Section 2A-305 is a modified version of the entrustment theory which applies in the leasing context. It gives a Sublessee who cannot qualify as a "buyer in ordinary course" the chance of qualifying as a "lessee in ordinary course." If a Sublessee is successful in establishing itself as a lessee in ordinary course, its leasehold rights could trump Lessor’s rights in the leased property.
Due to the complex and unsettled nature of this area of the law, we recommend that Lessors proceed cautiously when leasing Inventory to a Lessee. Lessors should also consider the following strategies to lessen their exposure if moving forward with such transactions:
A. The Lessor could require Lessee and Sublessee to execute a Security Sublease and Assignment of Sublease which: (1) operates as a pledge by Lessee to Lessor of Lessee's rights under the Sublease; and (2) contains an acknowledgement to be executed by Sublessee confirming that Sublessee's rights are subject and subordinate to Lessor’s rights.

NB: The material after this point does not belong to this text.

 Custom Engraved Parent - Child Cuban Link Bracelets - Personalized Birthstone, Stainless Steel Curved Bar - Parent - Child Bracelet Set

B. Since the UCC definitions of "buyer in ordinary course" and "lessee in ordinary course" require that Sublessee not know that its rights under the Sublease violate Lessor’s ownership or security interest in the leased property, Lessor can take precautions to make sure Sublessees have notice of Lessor’s rights in the leased property, including Lessor’s ability to repossess and dispose of the leased property the event of a default by Lessee. For example, Lessor could send a notice to the Sublessee and could place having a legend on the leased equipment which clearly reflects Lessors rights. Although this type of protection is not as strong as that outlined in A above, a Lessor would likely be treated fairly well by a court if Sublessee received a notice from Lessor prior to the time Sublessee executed the Sublease which advises Sublessor of Lessor's rights under the Lease and Lessor’s interest in the leased property.